ABOUT THIS EXERCISE
In the listing below, the lines starting with the line with "Schœnbourg : Evolution" and going on through the line with "Algebra EOC Study Guide" are to be reproduced exactly, and only those.

::: EXERCISE INPUT

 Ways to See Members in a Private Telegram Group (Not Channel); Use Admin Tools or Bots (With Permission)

::::::
::: EXERCISE INPUT

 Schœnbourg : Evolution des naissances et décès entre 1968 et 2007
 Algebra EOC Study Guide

::::::

PROBLEM SOLUTION
 Schœnbourg : Evolution des naissances et décès entre 1968 et 2007
 Algebra EOC Study Guide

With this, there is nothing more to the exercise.